§ **Activity**: Write out every entry, unchanged. Skip any picture.

-------

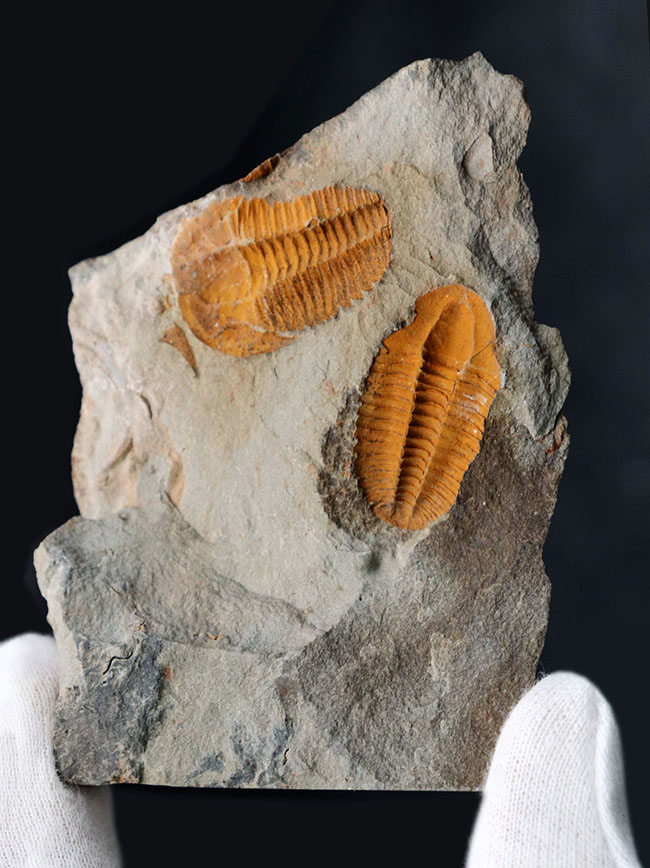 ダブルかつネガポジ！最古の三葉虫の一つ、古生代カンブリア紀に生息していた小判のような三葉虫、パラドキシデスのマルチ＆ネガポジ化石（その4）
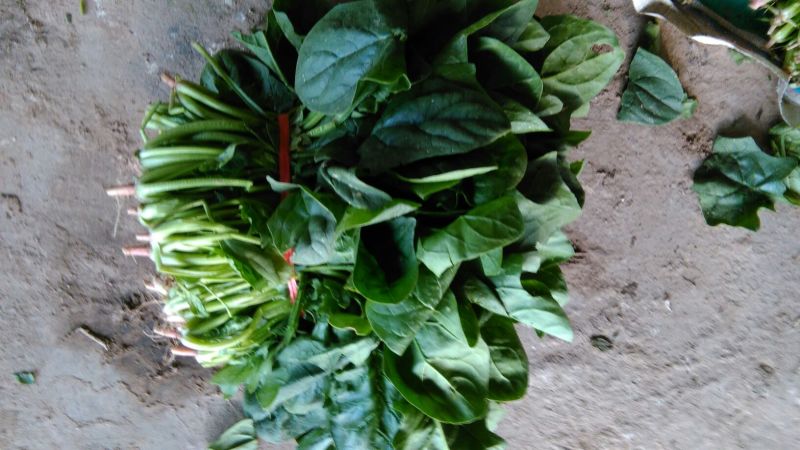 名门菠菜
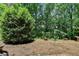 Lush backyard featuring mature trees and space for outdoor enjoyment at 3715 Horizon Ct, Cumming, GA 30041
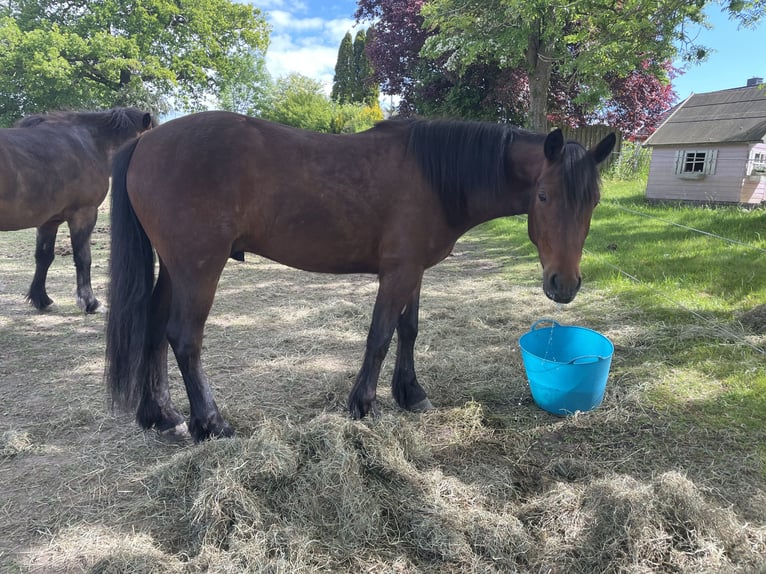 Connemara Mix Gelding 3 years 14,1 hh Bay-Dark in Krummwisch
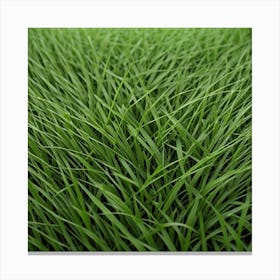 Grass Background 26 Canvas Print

-------

§ **Written solution**:
 ダブルかつネガポジ！最古の三葉虫の一つ、古生代カンブリア紀に生息していた小判のような三葉虫、パラドキシデスのマルチ＆ネガポジ化石（その4）
 名门菠菜
 Lush backyard featuring mature trees and space for outdoor enjoyment at 3715 Horizon Ct, Cumming, GA 30041
 Connemara Mix Gelding 3 years 14,1 hh Bay-Dark in Krummwisch
 Grass Background 26 Canvas Print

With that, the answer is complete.